Beer Stein cake with pouring can

I made this cake to celebrate our January birthdays of my husband and our youngest son who turned 32 this year. He really likes beer and even brews his own. I used 4 – 8 inch round cakes. I also used a foam cake board to sit the cake on. I felt that it would help the stability if I could press the dowel into the board. When I cut the cake, however, I found the dowel did not penetrate the foam board. So I guess the dense cake and the Canache I use was enough to keep it all together. The cake recipe I used was Chocolate Stout cake. It is intensely chocolate. I baked them the night before then put them in the refrigerator so they would be cool when I was working with them. Then instead of frosting in between the layers I used a layer of Chocolate Ganache. I used a bar of Ghirardelli 86% Cacao, (broken into pieces), (heavy cream to cover the pieces. Nuked it for 1 min on high, stir, add about 3 heaping tablespoons of sugar, stir, 30 seconds on high in microwave, stir, another 30 seconds. The cake recipe made a brownie like cake that made a firm cake and the Ganache glued it together making it like one solid piece.

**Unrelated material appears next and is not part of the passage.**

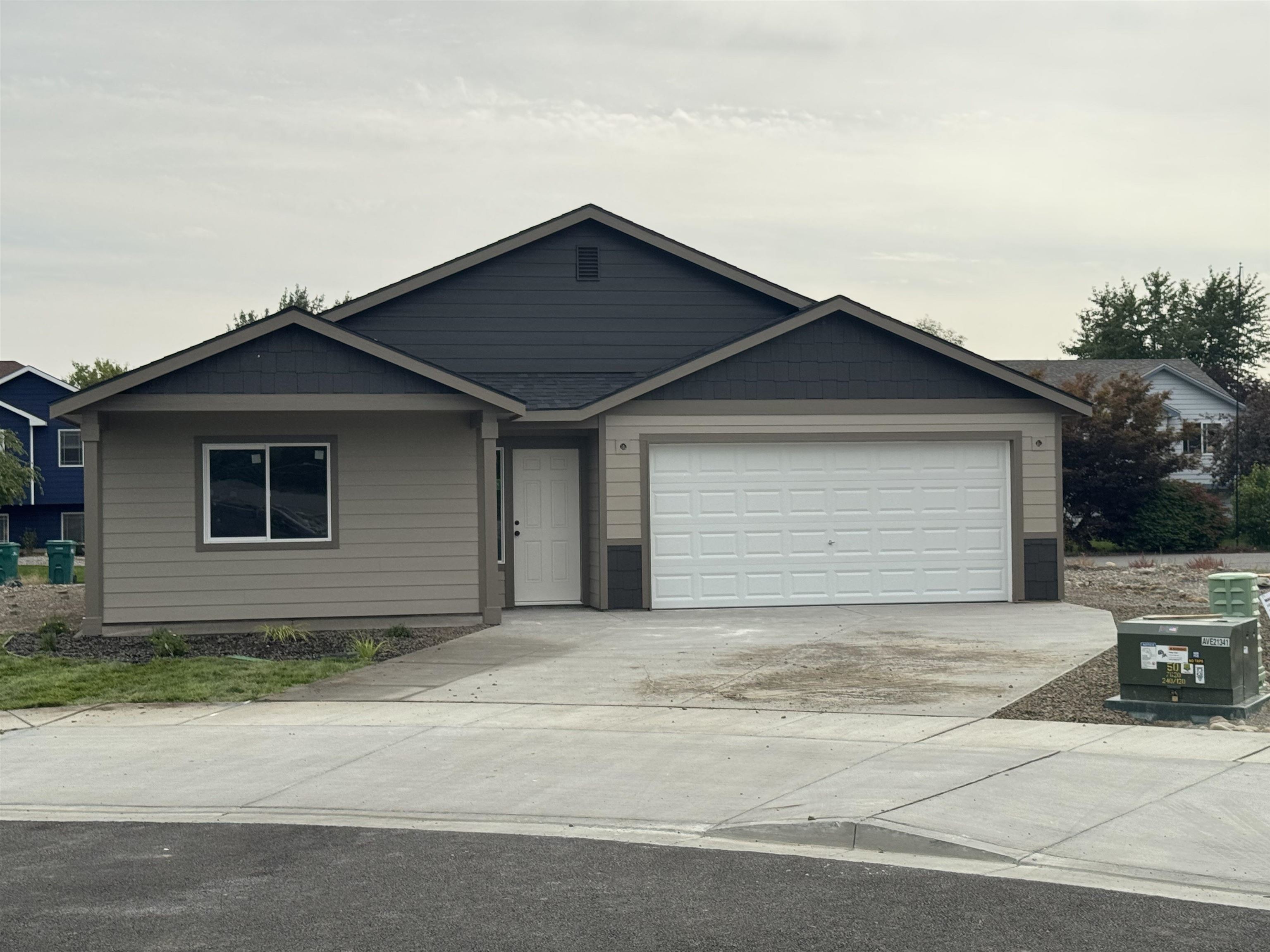425 N Garvin Ct - Photo 2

I had no slippage even with a cake that was over 8 inches tall. I got the idea for this cake from the post by Michael Almeida. Thanks Michael. I was unable to do it like he did and had to figure out what to do to get the effect on my own. First, I don’t like fondant. The frosting recipe I used was Swiss Butter-cream. I used three colors, white, gray, and yellow. For the handle I just used some white chocolate. I put some Wilton white chocolate pieces in a freezer bag and nuked it twice for 30 seconds. Then I cut the tip off and squeezed it out on a piece of waxed paper into a handle shape. Than I refrigerated it. I made it the night before so I had to guess the size and it was a little big, but I covered that up with the beer head so it didn’t look to big. I trimmed excess chocolate off with a paring knife after it was firm to make it smoother and rounder. I made two batches of Swiss Butter Cream. The first batch was all yellow and I used it to cover the cake tower. After is set in the refrigerator for a couple hours it was easier to smooth the surface.
The second batch I took a little, about one to one and a half cups and colored it gray and about 1/2 cup yellow and the rest white. I used the smooth side of the basket weave tip and circled the top and bottom of the cake. Then I made a vertical line from top to bottom six times dividing it into six sections. Then I stuck the handle in the side. I used a 1/4 inch dowel for the pouring can. The problematic part is how to get the angle so the can is at angle from the part used to form the pouring beer. Michael used screws. This just seemed to much trouble. I wondered if I could cut the dowel half way though and leave the back attached and bent. This didn’t work because the dowel was too dry as most lumber is. If however you have some green wood it might work for you. When I bent it, it broke so I decided to just use packing tape to hold it together. That was stiff enough to hold the angle up a little and pliable enough to bend. Make the cut by putting the end of the dowel into your empty can and mark it at the point where it comes out of the can. Then hold the dowel up to your cake and judge the length you need to go to the bottom of the cake and still leave enough sticking out so that you can make the stream of beer. Stick the dowel into the cake but don’t put the can on yet. Using a small to medium pastry bag and a large round tip (nine or bigger but not bigger then 12), pipe the yellow icing along the straight dowel to make it look like a stream of beer go along the dowel from the surface of the cake to the bend in the dowel where you’ll put the can. Put the can on the dowel. Now it’s time to make the froth or beer head. Using a large pastry bag and a number 1A tip fill it with white frosting. Pipe the foam on the top of the cake in large dots with a swirling motion to keep from forming to many points. Cover the top, around the dowel and running over the sides. That’s it. Your done. Unless you want to add some script for saying Happy Birthday or what ever, lol. I hope this was helpful to you. It went over very well.

MomCakes

2 Comments

Great to know how you did it. Bet they loved it!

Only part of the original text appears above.